* [Data section]

——

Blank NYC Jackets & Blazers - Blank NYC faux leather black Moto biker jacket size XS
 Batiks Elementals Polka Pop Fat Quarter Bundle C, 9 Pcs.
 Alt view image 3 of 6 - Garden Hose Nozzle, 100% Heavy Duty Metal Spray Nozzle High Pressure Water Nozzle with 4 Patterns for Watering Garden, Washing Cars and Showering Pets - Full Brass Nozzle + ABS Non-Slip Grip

——

* [About this task] I need each line above reproduced exactly.

* [Response to the exercise]
Blank NYC Jackets & Blazers - Blank NYC faux leather black Moto biker jacket size XS
 Batiks Elementals Polka Pop Fat Quarter Bundle C, 9 Pcs.
 Alt view image 3 of 6 - Garden Hose Nozzle, 100% Heavy Duty Metal Spray Nozzle High Pressure Water Nozzle with 4 Patterns for Watering Garden, Washing Cars and Showering Pets - Full Brass Nozzle + ABS Non-Slip Grip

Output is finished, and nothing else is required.